(Collected data)
+===+
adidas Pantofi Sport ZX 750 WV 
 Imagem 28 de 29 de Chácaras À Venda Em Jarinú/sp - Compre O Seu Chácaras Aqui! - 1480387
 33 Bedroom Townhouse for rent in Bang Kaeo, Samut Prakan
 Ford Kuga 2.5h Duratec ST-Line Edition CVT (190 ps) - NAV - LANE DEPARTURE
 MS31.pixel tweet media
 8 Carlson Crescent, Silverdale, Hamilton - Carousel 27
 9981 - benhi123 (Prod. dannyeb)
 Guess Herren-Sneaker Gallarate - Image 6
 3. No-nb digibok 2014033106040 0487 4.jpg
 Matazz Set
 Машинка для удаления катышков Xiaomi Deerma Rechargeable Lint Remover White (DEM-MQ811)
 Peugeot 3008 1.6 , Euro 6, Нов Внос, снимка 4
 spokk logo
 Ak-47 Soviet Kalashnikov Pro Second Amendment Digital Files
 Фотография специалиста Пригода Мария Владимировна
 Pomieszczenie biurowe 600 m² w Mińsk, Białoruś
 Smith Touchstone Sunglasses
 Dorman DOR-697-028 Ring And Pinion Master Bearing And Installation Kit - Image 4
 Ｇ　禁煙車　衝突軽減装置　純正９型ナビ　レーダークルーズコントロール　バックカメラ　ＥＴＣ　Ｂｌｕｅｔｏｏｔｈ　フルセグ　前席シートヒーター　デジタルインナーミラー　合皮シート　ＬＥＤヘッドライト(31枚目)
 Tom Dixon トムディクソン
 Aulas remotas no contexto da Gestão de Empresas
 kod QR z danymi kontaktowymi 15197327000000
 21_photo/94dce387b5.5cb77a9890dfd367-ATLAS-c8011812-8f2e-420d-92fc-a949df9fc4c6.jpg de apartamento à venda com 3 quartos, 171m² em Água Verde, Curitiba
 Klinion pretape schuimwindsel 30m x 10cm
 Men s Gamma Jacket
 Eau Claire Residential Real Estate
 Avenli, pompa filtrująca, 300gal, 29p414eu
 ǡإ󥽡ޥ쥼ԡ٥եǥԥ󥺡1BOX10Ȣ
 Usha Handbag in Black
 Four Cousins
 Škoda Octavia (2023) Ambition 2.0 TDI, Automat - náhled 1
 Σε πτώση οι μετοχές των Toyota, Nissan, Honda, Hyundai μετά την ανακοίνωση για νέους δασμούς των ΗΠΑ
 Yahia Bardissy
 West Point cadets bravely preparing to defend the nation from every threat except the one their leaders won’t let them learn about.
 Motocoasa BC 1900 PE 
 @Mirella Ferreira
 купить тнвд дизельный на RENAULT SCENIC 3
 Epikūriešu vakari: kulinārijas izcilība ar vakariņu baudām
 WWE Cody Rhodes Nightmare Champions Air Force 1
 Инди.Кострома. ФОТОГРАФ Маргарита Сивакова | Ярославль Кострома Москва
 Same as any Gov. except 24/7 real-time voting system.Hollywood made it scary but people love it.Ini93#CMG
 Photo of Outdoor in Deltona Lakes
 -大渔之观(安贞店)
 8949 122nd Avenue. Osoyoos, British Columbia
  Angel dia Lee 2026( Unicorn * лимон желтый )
+===+
Make a verbatim copy of each record.

▸ **SOLUTION TO THIS EXERCISE**
adidas Pantofi Sport ZX 750 WV 
 Imagem 28 de 29 de Chácaras À Venda Em Jarinú/sp - Compre O Seu Chácaras Aqui! - 1480387
 33 Bedroom Townhouse for rent in Bang Kaeo, Samut Prakan
 Ford Kuga 2.5h Duratec ST-Line Edition CVT (190 ps) - NAV - LANE DEPARTURE
 MS31.pixel tweet media
 8 Carlson Crescent, Silverdale, Hamilton - Carousel 27
 9981 - benhi123 (Prod. dannyeb)
 Guess Herren-Sneaker Gallarate - Image 6
 3. No-nb digibok 2014033106040 0487 4.jpg
 Matazz Set
 Машинка для удаления катышков Xiaomi Deerma Rechargeable Lint Remover White (DEM-MQ811)
 Peugeot 3008 1.6 , Euro 6, Нов Внос, снимка 4
 spokk logo
 Ak-47 Soviet Kalashnikov Pro Second Amendment Digital Files
 Фотография специалиста Пригода Мария Владимировна
 Pomieszczenie biurowe 600 m² w Mińsk, Białoruś
 Smith Touchstone Sunglasses
 Dorman DOR-697-028 Ring And Pinion Master Bearing And Installation Kit - Image 4
 Ｇ　禁煙車　衝突軽減装置　純正９型ナビ　レーダークルーズコントロール　バックカメラ　ＥＴＣ　Ｂｌｕｅｔｏｏｔｈ　フルセグ　前席シートヒーター　デジタルインナーミラー　合皮シート　ＬＥＤヘッドライト(31枚目)
 Tom Dixon トムディクソン
 Aulas remotas no contexto da Gestão de Empresas
 kod QR z danymi kontaktowymi 15197327000000
 21_photo/94dce387b5.5cb77a9890dfd367-ATLAS-c8011812-8f2e-420d-92fc-a949df9fc4c6.jpg de apartamento à venda com 3 quartos, 171m² em Água Verde, Curitiba
 Klinion pretape schuimwindsel 30m x 10cm
 Men s Gamma Jacket
 Eau Claire Residential Real Estate
 Avenli, pompa filtrująca, 300gal, 29p414eu
 ǡإ󥽡ޥ쥼ԡ٥եǥԥ󥺡1BOX10Ȣ
 Usha Handbag in Black
 Four Cousins
 Škoda Octavia (2023) Ambition 2.0 TDI, Automat - náhled 1
 Σε πτώση οι μετοχές των Toyota, Nissan, Honda, Hyundai μετά την ανακοίνωση για νέους δασμούς των ΗΠΑ
 Yahia Bardissy
 West Point cadets bravely preparing to defend the nation from every threat except the one their leaders won’t let them learn about.
 Motocoasa BC 1900 PE 
 @Mirella Ferreira
 купить тнвд дизельный на RENAULT SCENIC 3
 Epikūriešu vakari: kulinārijas izcilība ar vakariņu baudām
 WWE Cody Rhodes Nightmare Champions Air Force 1
 Инди.Кострома. ФОТОГРАФ Маргарита Сивакова | Ярославль Кострома Москва
 Same as any Gov. except 24/7 real-time voting system.Hollywood made it scary but people love it.Ini93#CMG
 Photo of Outdoor in Deltona Lakes
 -大渔之观(安贞店)
 8949 122nd Avenue. Osoyoos, British Columbia
  Angel dia Lee 2026( Unicorn * лимон желтый )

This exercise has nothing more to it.